The citizens’ anger that fueled the nationwide Iran demonstrations will continue to linger and could erupt again at any time despite the protests winding down at the moment, experts say.

Suzanne Maloney, deputy director of the Foreign Policy program at the Brookings Institution, called the recent rallies “one of the most serious crises Iran has faced in the past 25 years,” Euronews reported.

The mass display of dissent, which resulted in at least 21 deaths and more than 3,700 arrests, appeared to be leaderless and spread without the impetus of any particular opposition group, which is significant, according to Maloney.

“We now see that Iranians are willing to take profound risks to challenge the regime directly in a way we have not seen in years,” the expert said.

Although some have claimed the initial protests may have been initiated by hardline enemies of Rouhani, who is considered a moderate, their proliferation to dozens of cities including Tehran appeared entirely spontaneous.

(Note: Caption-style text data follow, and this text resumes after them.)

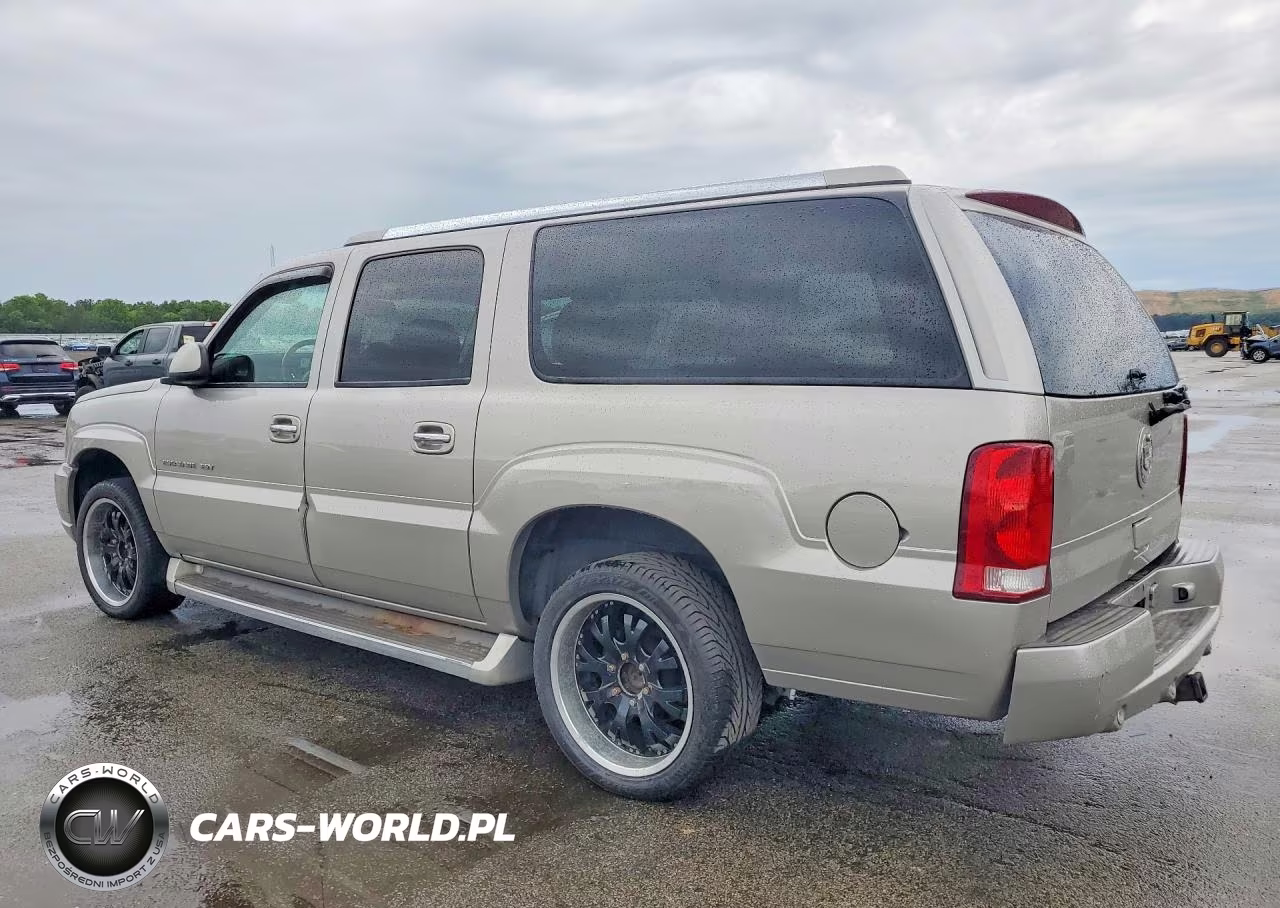 2005 Cadillac Escalade Esv VIN:3GYFK66N15G127198 - 2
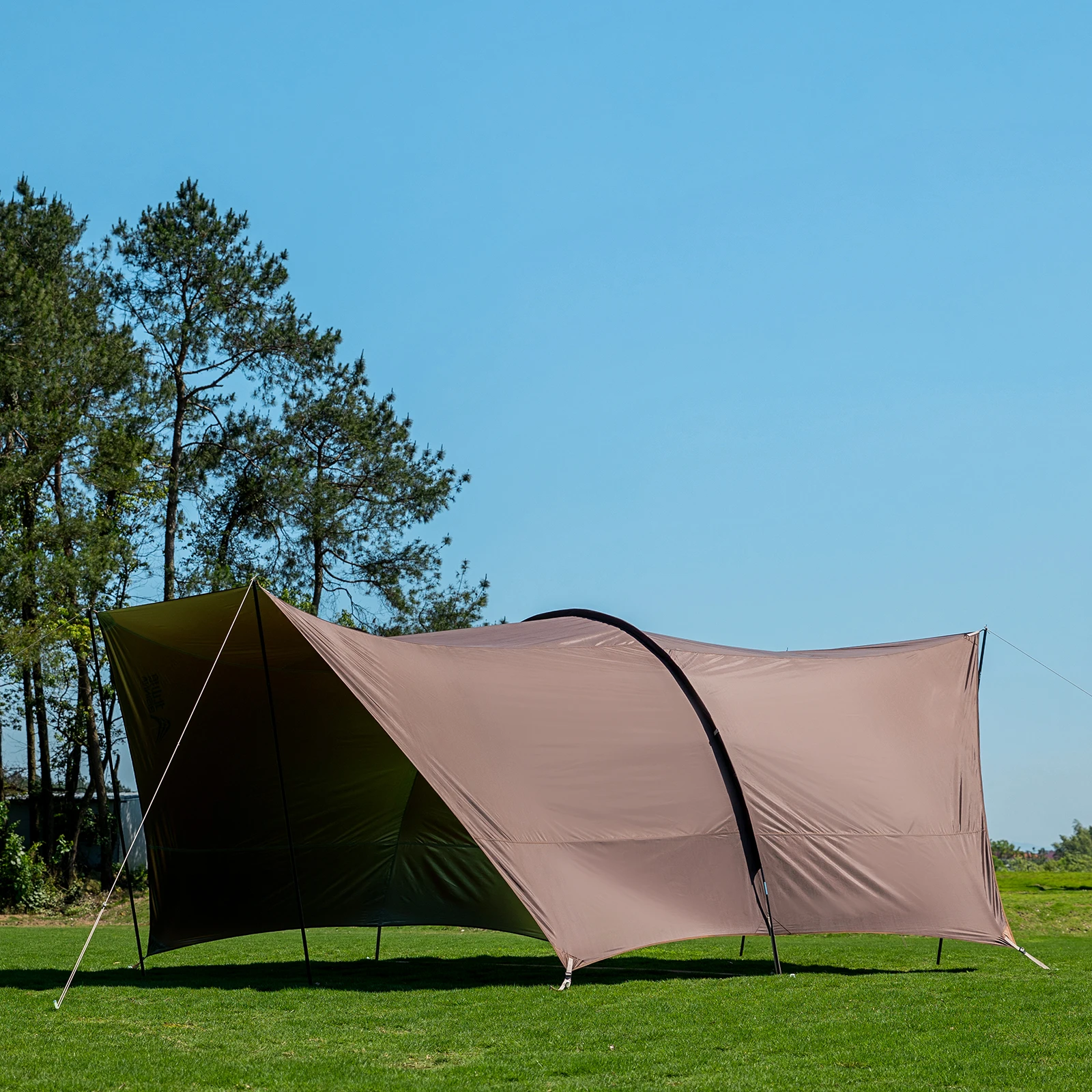 Portable Camping Canopy Sun Shade Tent 4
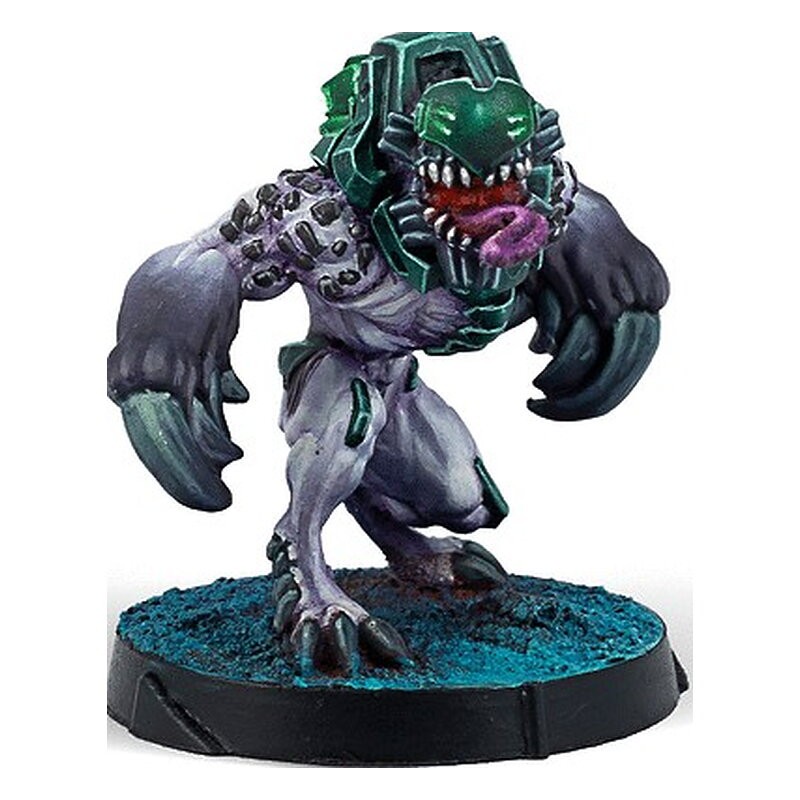 Jayth Cutthroats, Shasvastii Independent Assault Group - Infinity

Many of the activists appeared to be young, disenfranchised working-class Iranians, giving the uprising a wholly different tenor to the Green Movement of 2009, which saw millions take to the streets and was driven by the middle classes before it was crushed.

Also, many ordinary Iranians feel that the economic benefits they were promised following the U.S.-backed nuclear deal of 2015 failed to trickle down into their pockets. Alongside high youth unemployment and inflation, this seems to be one of the main drivers of the unrest.

“The Iranian government dodged a bullet, thus far. Now it’s a race against time for the government,” said Holly Dagres, a Middle East analyst and curator of The Iranist newsletter. “Very real grievances remain and they will need to be addressed in real-world terms. If they don’t, expect protests to flare up again and who knows what that will lead to.”

Both Rouhani and Khamenei have acknowledged the protesters’ right to be heard. The latter, the figurehead of the country’s conservative clerical elite, even conceded: “We must listen, we must hear. We must provide answers within our means,” according to Reuters.

But the supreme leader also blamed the U.S. and its arch regional enemy, Saudi Arabia, for helping foment the protests’ most violent aspects. And many Western analysts say that the regime — both moderates and hardliners — need to back up their words if they are to appease their simmering population in the long term.

“Without addressing the main drivers of these protests, the Iranian leaders are buying time until the next one,” said Ali Vaez, director of the Iran Project at the International Crisis Group, a non-profit organization working to prevent wars.

Siavush Randjbar-Daemi, a lecturer in Iranian history at Britain’s University of Manchester, predicted “a very, very testing next few months” for the regime.

“On the one hand it has succeeded in preventing these protests getting out of hand and contained them to a great extent and they did not achieve critical mass in terms of numbers,” Randjbar-Daemi said. “However, I do not think the feeling of dissent toward the regime and level of disgust for the political and economic situation has gone away.”